Je sais bien que souvent on me reproche de vouloir trop le mettre en avant mais je le fais pour pouvoir lutter contre les préjugés liés au handicap et, je vous assure, c’est ma personnalité qu’on voit en premier !

- Le regard au travail
Je suis en dernière année d’étude pour être conseillère en économie sociale et familiale (travailleur social). Les moqueries de l’adolescence ont fait monter en moi une rage et je ne voulais plus que cette situation se reproduise. Je suis tout de suite allée vers le social même si au début je le visualisais plus par des actions de sensibilisation au handicap.
C’est une décision liée à ma fatigue physique qui m’a fait m’orienter vers le social en tant que professionnel. On peut dire que ce fut, un mal pour un bien car j’ai trouvé ma voie !
J’ai donc commencé le social à 14 ans et la filière deux ans plus tard. Je n’ai pas choisi la filière la plus facile vis-à-vis du regard, car certains professionnels ont du mal à comprendre mon choix professionnel. Oui parce que je passe de l’autre côte de la barrière, je n’ai plus besoin d’être aidée, c’est moi qui aide. C’est sûr, c’est rare de voir des travailleurs sociaux avec un handicap mais rien ne nous en empêche, avec du recul et de la maturité. Il n’y a pas de risque à mélanger la vie personnelle et la vie professionnelle.
On m’a souvent dit de choisir un autre métier moins éprouvant et moins risqué psychologiquement pour moi. J’ai souvent hésité et été démotivée mais je ne me vois pas faire autre chose quitte à lutter avec des regards en plus.

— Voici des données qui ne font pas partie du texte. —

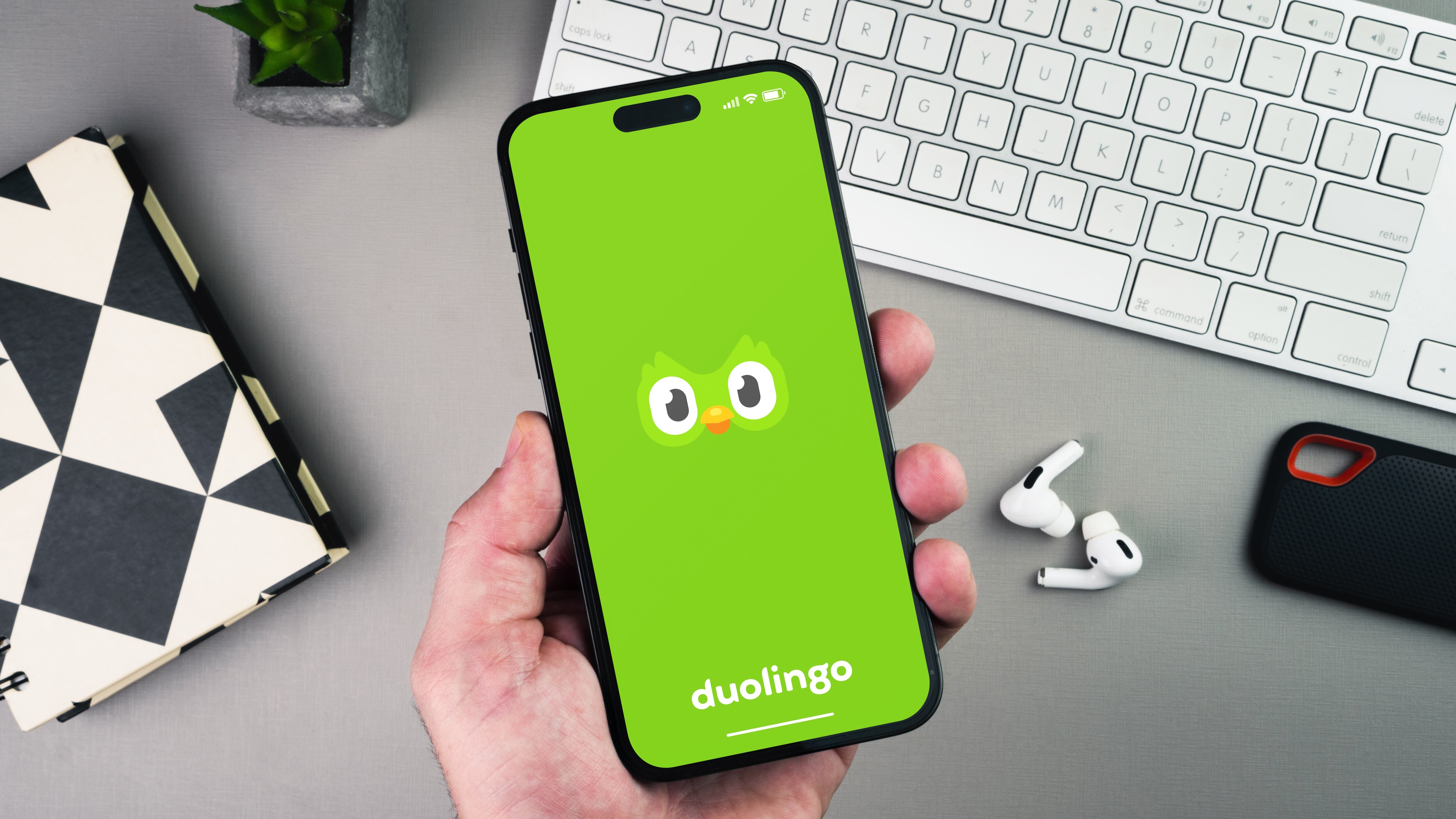 Man holding a smartphone with Duolingo language-learning on the screen on grey background table. Office environment.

- Le regard des professionnels de santé :
Je crois que c’est encore à l’adolescence que j’ai eu le plus de mal avec le regard des professionnels, lorsque l’on est obligé d’enlever des couches de vêtements pour être examinée. Également pour faire de la kiné.

C’est difficile car souvent ce n’est pas seulement un professionnel qui est dans la salle mais plusieurs en même temps. Or ce n’est pas évident lorsque l’on est pudique.

Pour m’aider ma mère avait une technique. Je me mettais en débardeur et en short court. Depuis je garde cette habitude et je ne souffre plus de leurs regards.

- Le regard des inconnus :
Comme je l’ai dit au début, c’est un combat au jour le jour mais aujourd’hui je veux vivre ma vie sans me soucier des autres.

Je sentirai toujours ces regards de pitié ou interrogateurs mais je ne me priverai pas. J’alterne souvent la marche et le fauteuil en parallèle, c’est-à-dire que je n’hésite pas à me lever du fauteuil si j’ai besoin d’attraper quelque chose. Je peux vous dire que les gens à coté sont sous le choc. Au début je le faisais inconsciemment mais maintenant je le fais souvent exprès car c’est une forme de lutte contre les stéréotypes liés au handicap. On croit souvent que le handicap veut dire fauteuil + mauvaises apparences + pas de futur. Or c’est pas du tout le cas pour moi mais aussi pour toutes les personnes handicapées !!!!

- Que souhaitez-vous ajouter ? :
Il y a encore beaucoup d’ignorance qui entraine des préjugés, des regards et des discriminations !
Je tiens à dire que malgré tout cela, il faut vivre la vie à 200% car tout le monde a le droit d’être heureux, de vivre ses rêves.
Il ne faut pas oublier qu’un handicap n’arrive jamais qu’aux autres et il ne faut pas simplement s’intéresser a sa petite personne. La vie est loin d’être rose et pour personne ! Chaque être humain est différent et a ses difficultés. Il faut vivre la vie avec espoir, courage et surtout avec des buts et des rêves.

Nous vous remercions Diana pour votre témoignage.